= 1999 NASCAR Goody's Dash Series =

The 1999 NASCAR Goody's Dash Series was the 25th season of the NASCAR Goody's Dash Series. It began at Daytona International Speedway on February 12 and concluded at Langley Speedway on October 16. Robert Huffman, who entered the season as the defending Drivers' Champion, won his third championship, 299 points in front of Jake Hobgood.

==Schedule==
Source:

| No. | Race title | Track | Date |
|---|---|---|---|
| 1 | Discount Auto Parts 200 | Daytona International Speedway, Daytona Beach, Florida | February 12 |
| 2 | Hickory 100 | Hickory Motor Speedway, Hickory, North Carolina | April 24 |
| 3 | Caraway Speedway 125 | Caraway Speedway, Asheboro, North Carolina | May 8 |
| 4 | Tom Johnson/EasyCare 100 | Lowe's Motor Speedway, Concord, North Carolina | May 26 |
| 5 | Bristol Motor Speedway 150 | Bristol Motor Speedway, Bristol, Tennessee | June 4 |
| 6 | Winston Fan Appreciation 125 | Louisville Motor Speedway, Louisville, Kentucky | June 19 |
| 7 | Post & Courier/TV-5 100 | Summerville Speedway, Summerville, South Carolina | July 3 |
| 8 | Expressions Unlimited 100 | Greenville-Pickens Speedway, Greenville, South Carolina | July 10 |
| 9 | Surge 125 | Orange County Speedway, Rougemont, North Carolina | July 17 |
| 10 | Gold Star Dodge Dealers 100 | St. Augustine Speedway, St.
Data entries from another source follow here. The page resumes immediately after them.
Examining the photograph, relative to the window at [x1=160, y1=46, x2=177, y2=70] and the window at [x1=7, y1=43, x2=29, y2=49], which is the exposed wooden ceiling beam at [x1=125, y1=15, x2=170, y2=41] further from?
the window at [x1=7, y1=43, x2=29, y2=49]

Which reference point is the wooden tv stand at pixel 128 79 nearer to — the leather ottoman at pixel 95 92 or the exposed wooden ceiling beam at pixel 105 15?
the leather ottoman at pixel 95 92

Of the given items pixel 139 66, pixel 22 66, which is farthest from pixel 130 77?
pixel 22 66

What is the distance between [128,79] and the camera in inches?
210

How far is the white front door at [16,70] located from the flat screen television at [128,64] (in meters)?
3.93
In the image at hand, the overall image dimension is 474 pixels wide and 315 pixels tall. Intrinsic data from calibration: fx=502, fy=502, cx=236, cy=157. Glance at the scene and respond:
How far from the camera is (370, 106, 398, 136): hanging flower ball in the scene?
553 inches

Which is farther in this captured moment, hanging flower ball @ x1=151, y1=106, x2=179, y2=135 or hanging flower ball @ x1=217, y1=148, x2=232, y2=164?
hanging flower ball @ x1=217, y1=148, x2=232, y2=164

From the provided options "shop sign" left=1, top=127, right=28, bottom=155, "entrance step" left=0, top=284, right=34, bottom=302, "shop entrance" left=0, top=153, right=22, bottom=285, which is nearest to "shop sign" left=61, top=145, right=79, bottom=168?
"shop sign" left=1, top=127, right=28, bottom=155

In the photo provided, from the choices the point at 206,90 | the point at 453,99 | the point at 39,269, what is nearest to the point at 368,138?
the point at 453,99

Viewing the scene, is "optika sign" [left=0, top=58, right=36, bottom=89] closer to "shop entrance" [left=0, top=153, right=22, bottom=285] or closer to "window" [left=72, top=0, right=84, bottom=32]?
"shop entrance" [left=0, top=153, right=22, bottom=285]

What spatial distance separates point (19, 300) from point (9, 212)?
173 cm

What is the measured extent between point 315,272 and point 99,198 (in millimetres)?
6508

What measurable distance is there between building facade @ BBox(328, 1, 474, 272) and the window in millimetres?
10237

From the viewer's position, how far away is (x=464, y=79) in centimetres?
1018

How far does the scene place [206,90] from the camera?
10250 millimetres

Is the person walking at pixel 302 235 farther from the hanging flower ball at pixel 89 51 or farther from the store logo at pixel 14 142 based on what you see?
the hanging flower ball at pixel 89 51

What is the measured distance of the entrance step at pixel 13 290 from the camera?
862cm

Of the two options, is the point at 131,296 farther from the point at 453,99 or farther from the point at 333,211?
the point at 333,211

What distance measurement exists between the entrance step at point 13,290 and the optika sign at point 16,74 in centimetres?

Augustine, Florida | July 24 |
| 11 | WPDE-TV 16 100 | Myrtle Beach Speedway, Myrtle Beach, South Carolina | August 7 |
| 12 | Galaxy Foods 125 | Hickory Motor Speedway, Hickory, North Carolina | August 21 |
| 13 | Carolina Turkey 150 | Lanier National Speedway, Braselton, Georgia | September 18 |
| 14 | Pennzoil 150 | USA International Speedway, Lakeland, Florida | October 2 |
| 15 | Goody's Dash Series 125 | New River All-American Speedway, Jacksonville, North Carolina | October 9 |
| 16 | Denbigh Construction 100 | Langley Speedway, Hampton, Virginia | October 16 |

==Results and standings==

===Races===

| No. | Race | Pole position | Most laps led | Winning driver | Manufacturer |
|---|---|---|---|---|---|
| 1 | Discount Auto Parts 200 | Scott Weaver | Christian Elder | Christian Elder | Pontiac |
| 2 | Hickory 100 | Terry Brooks | Edward Howell | Robert Huffman | Pontiac |
| 3 | Caraway Speedway 125 | Robert Huffman | Robert Huffman | Robert Huffman | Pontiac |
| 4 | Tom Johnson/EasyCare 100 | Robert Huffman | Robert Huffman | Robert Huffman | Pontiac |
| 5 | Bristol Motor Speedway 150 | N/A | Robert Huffman | Zach Brewer | Pontiac |
| 6 | Winston Fan Appreciation 125 | Robert Huffman | Robert Huffman | Robert Huffman | Pontiac |
| 7 | Post & Courier/TV-5 100 | N/A | Jimmy Britts | Jimmy Britts | Pontiac |
| 8 | Expressions Unlimited 100 | Jake Hobgood | Ricky Bryant | Ricky Bryant | Pontiac |
| 9 | Surge 125 | Chad Branham | Ricky Bryant | Ricky Bryant | Pontiac |
| 10 | Gold Star Dodge Dealers 100 | Robert Huffman | Robert Huffman | Robert Huffman | Pontiac |
| 11 | WPDE-TV 16 100 | N/A | Robert Huffman | Robert Huffman | Pontiac |
| 12 | Galaxy Foods 125 | Robert Huffman | Robert Huffman | B. J. Mackey | Pontiac |
| 13 | Carolina Turkey 150 | Robert Huffman | Jimmy Britts | Jake Hobgood | Pontiac |
| 14 | Pennzoil 150 | Robert Huffman | Robert Huffman | Robert Huffman | Pontiac |
| 15 | Goody's Dash Series 125 | Justin Hobgood | Jimmy Britts | Jimmy Britts | Pontiac |
| 16 | Denbigh Construction 100 | Ricky Bryant | Ricky Bryant | Ricky Bryant | Pontiac |

===Drivers' championship===

(key) Bold - Pole position awarded by time. Italics - Pole position set by final practice results or rainout. * – Most laps led.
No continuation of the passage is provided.